HOW TO COMPLETE THIS TASK: With the pictures left out, reproduce exactly the lines running from the line with "Handmade 925 Sterling" to the last line of the material below.
>>>>
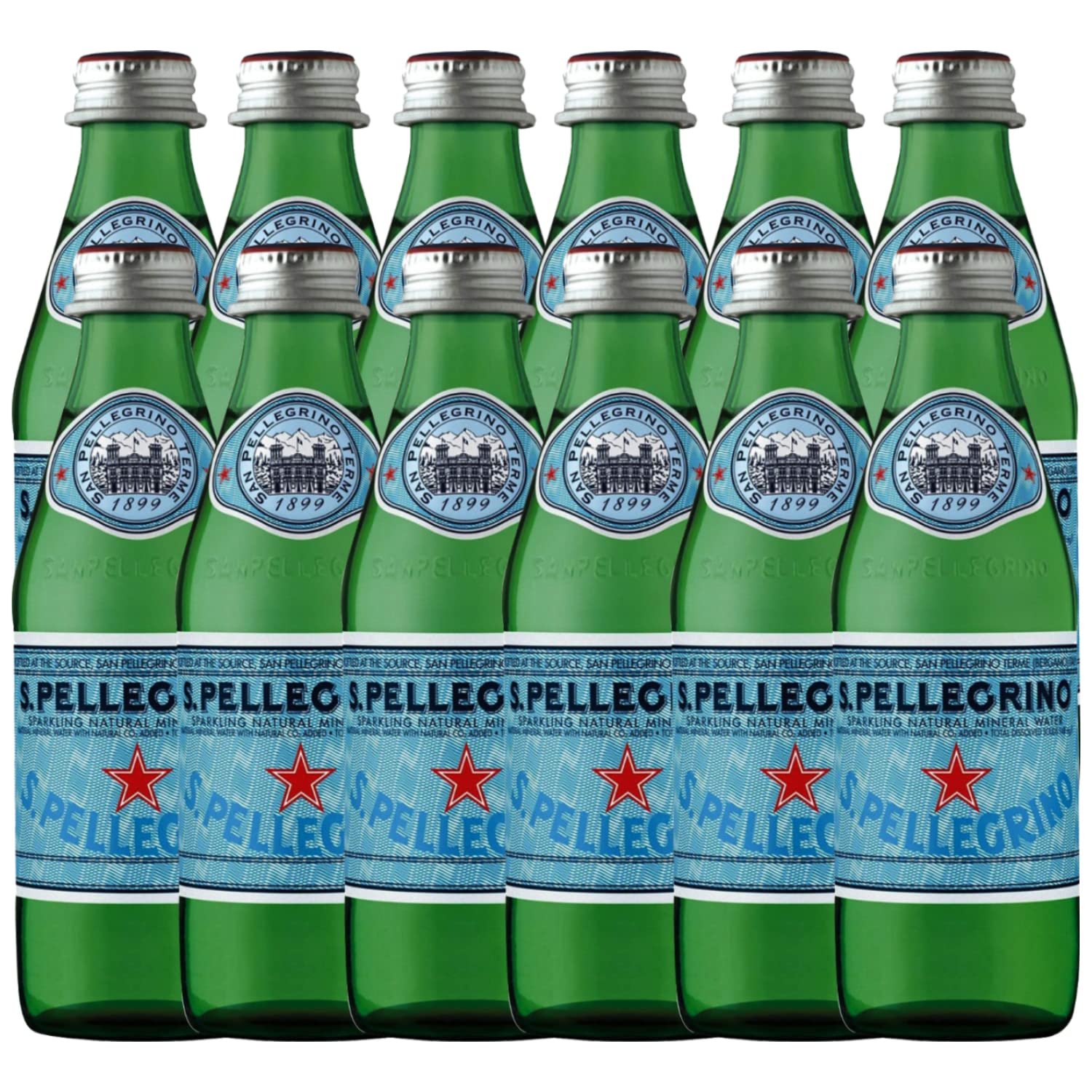 S.Pellegrino Carbonated Natural Mineral Water, 12 Pack Bottle, 12 x 250 ml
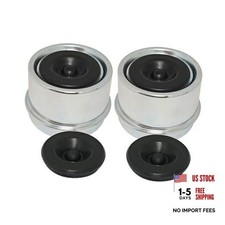 1.98" Trailer Axle Dust Cover Cap Cup Kit Set with Extra 2 Rubber Plugs for
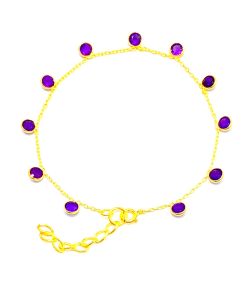  Handmade 925 Sterling Gold Plated Bracelet in Amethyst Stone, 17cm+3cm -Sold By 1pcs  
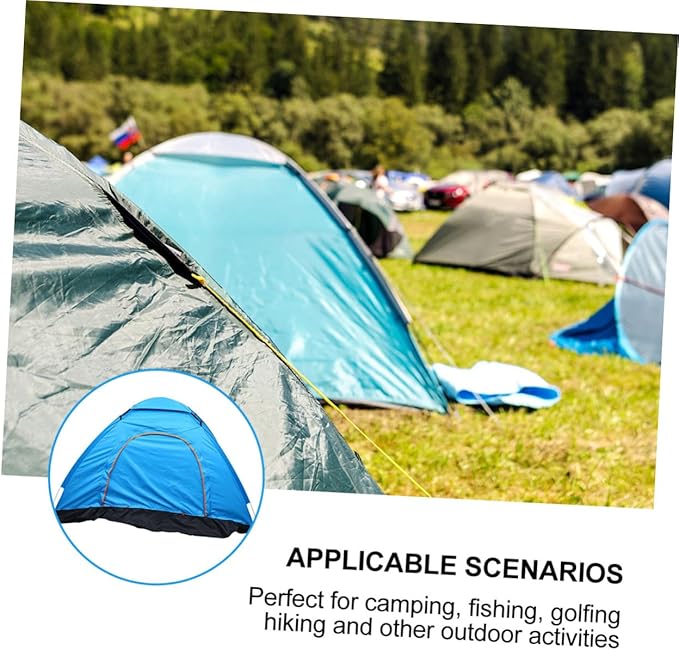 BESTonZON Portable Rainproof Beach Tent for People Automatic Setup Breathable Sun Shelter Blue for Camping Outdoor Activities and Family Trips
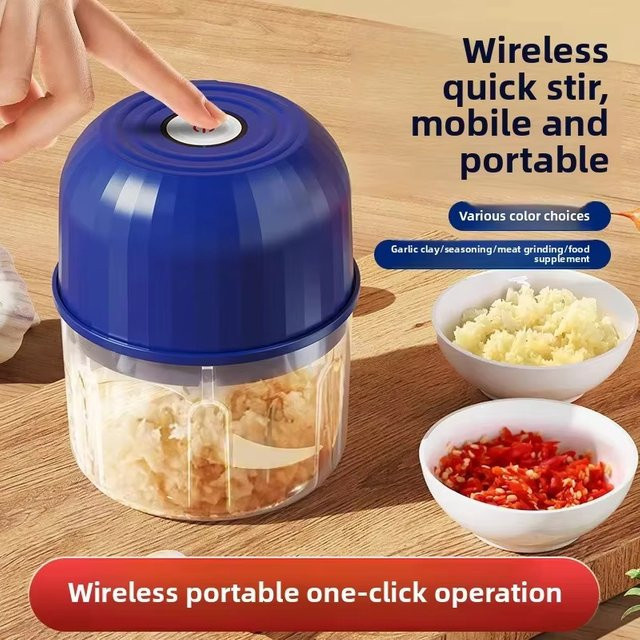 Elektrischer Mini-Zerkleinerer mit USB-Ladefunktion in Blau für Knoblauch, Fleisch und Gemüse - Bild 1
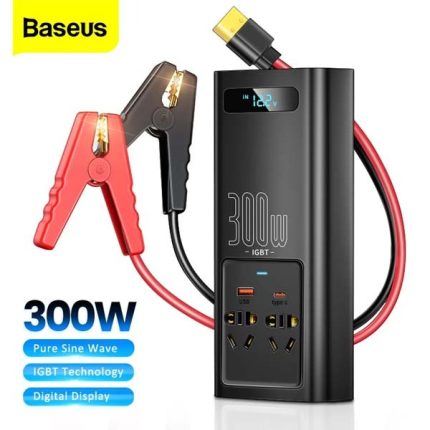 Baseus Car Power Inverter 300W DC 12V/24V To AC 220V USB Type C Charger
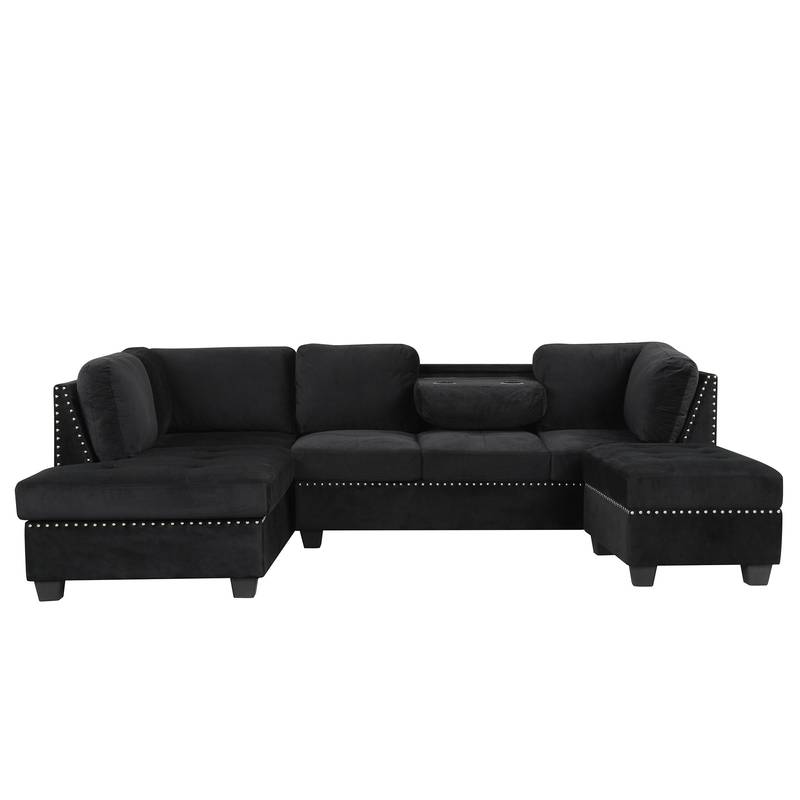 Chic Reversible Sectional Sofa with Storage Ottoman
<<<<
TASK RESULT:
  Handmade 925 Sterling Gold Plated Bracelet in Amethyst Stone, 17cm+3cm -Sold By 1pcs  
 BESTonZON Portable Rainproof Beach Tent for People Automatic Setup Breathable Sun Shelter Blue for Camping Outdoor Activities and Family Trips
 Elektrischer Mini-Zerkleinerer mit USB-Ladefunktion in Blau für Knoblauch, Fleisch und Gemüse - Bild 1
 Baseus Car Power Inverter 300W DC 12V/24V To AC 220V USB Type C Charger
 Chic Reversible Sectional Sofa with Storage Ottoman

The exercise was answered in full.